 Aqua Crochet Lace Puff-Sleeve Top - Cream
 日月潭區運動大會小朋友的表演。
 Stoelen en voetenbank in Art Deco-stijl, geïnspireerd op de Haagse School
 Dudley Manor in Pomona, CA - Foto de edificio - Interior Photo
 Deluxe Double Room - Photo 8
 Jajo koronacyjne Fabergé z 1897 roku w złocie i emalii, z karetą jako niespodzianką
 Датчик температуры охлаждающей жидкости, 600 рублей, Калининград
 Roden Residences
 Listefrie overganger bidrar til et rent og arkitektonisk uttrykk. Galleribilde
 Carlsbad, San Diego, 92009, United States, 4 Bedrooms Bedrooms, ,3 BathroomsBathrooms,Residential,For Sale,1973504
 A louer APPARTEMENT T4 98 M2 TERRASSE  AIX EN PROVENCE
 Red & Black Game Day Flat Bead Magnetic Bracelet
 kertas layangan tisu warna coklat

PROBLEM STATEMENT:
If a line in the records above includes the string "Photo", copy it.

EXPECTED ANSWER:
 Dudley Manor in Pomona, CA - Foto de edificio - Interior Photo
 Deluxe Double Room - Photo 8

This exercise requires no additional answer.